📦 Wayback Archive Engine

Preserve entire sites, individual pages, or bulk URL lists via the Wayback Machine Save Page Now API. Build forensic baselines before pentests or archive evidence before it disappears.

Proxied via Cloudflare Worker with automatic failover · Last updated February 10, 2026

Archive a Single Page
Bulk Archive — Paste URL List
0
Total
0
Saved
0
Pending
0
Failed
Crawl Site via Wayback CDX → Archive All Found URLs

First discovers all known URLs for a domain from the Wayback CDX index, then feeds them into Save Page Now to create fresh snapshots. Creates a full forensic baseline.

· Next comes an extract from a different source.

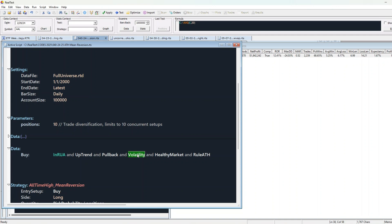Third, the stock must have enough volume. We filter out illiquid stocks. Because if you can't get filled in real life, the back test doesn't mean anything.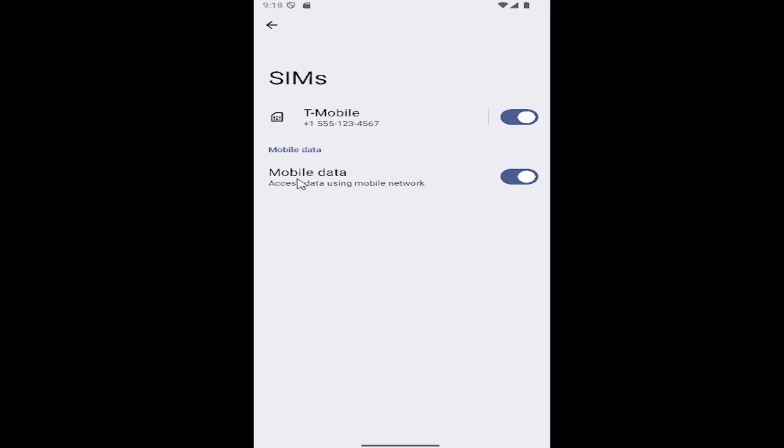Where it says Mobile Data, access data using mobile network, you can either toggle that on or off depending on your preference for the usage of mobile data. And that is all you have to do.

Step 1: CDX discovery → Step 2: Archive each URL
0
Discovered
0
Archived
0
Pending
0
Failed

Why do OSINT investigators need to archive web pages?

Web content is ephemeral — pages are modified, taken offline, or deliberately scrubbed during investigations. Max Intel's Archive Engine uses the Internet Archive's Save Page Now API to create timestamped, immutable snapshots stored at web.archive.org. According to the SANS Institute Digital Forensics and Incident Response (DFIR) framework, preserving volatile digital evidence in its original state is a foundational step in any investigation. The Wayback Machine provides a neutral, third-party record that courts and compliance teams recognize as credible documentation of what a website displayed at a specific point in time.

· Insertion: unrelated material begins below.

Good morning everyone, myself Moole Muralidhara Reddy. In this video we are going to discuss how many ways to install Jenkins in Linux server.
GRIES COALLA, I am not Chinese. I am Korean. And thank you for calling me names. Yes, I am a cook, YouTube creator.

What are the three archiving modes?

Single URL mode submits one page for immediate archiving — useful for capturing a specific piece of evidence such as a social media post, product listing, or terms of service page. Bulk Archive mode accepts a list of URLs (one per line) and processes them with configurable concurrency and rate limiting to avoid overwhelming the Internet Archive API. Site Crawl + Archive first queries the Wayback Machine CDX index to discover all known URLs for a domain, then feeds each discovered endpoint into Save Page Now to create fresh snapshots. This mode creates a comprehensive forensic baseline of an entire website's current state, which the OWASP Web Security Testing Guide recommends before beginning any authorized security assessment.

How does the Cloudflare Worker proxy handle CORS restrictions?

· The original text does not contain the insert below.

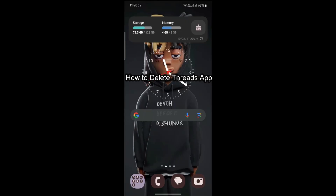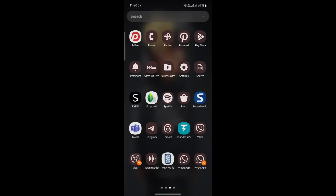Hello and welcome to Take It Simple. I'm your host, back again with yet another interesting tutorial video. In this video, I'm going to teach you how you can delete the Threads app on your Android device. First of all, go ahead and locate the Threads app on your phone.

Browsers enforce Cross-Origin Resource Sharing (CORS) policies that prevent direct JavaScript calls to the Internet Archive API from a different domain. Max Intel routes requests through a Cloudflare Worker that adds the necessary CORS headers, with automatic failover to three backup proxies (AllOrigins, CORSProxy.io, CodeTabs) if the primary worker is unavailable. The proxy chain tries direct fetch first (for local development), then cycles through proxies until one succeeds — ensuring the tool works reliably regardless of network conditions.

Save Page Now (SPN) API
The Internet Archive's public endpoint for submitting web pages to be crawled and archived by the Wayback Machine. Returns the archive URL and HTTP status for each submission, with rate limits that vary by request volume.
CDX Index API
A programmatic interface to the Wayback Machine's URL index, returning all archived URLs for a domain with timestamps, status codes, and MIME types. Used in Crawl + Archive mode to discover endpoints before archiving them.
Forensic Baseline
A timestamped record of a website's complete state at a specific point in time, created before a security assessment or investigation begins. Provides a reference point for detecting changes, proving content existed, or documenting the scope of an engagement.
Evidence Preservation
The practice of capturing and storing digital content in its current state before it can be modified or removed. Critical in legal proceedings, intellectual property disputes, threat intelligence, and investigative journalism where web content may be deliberately altered or deleted.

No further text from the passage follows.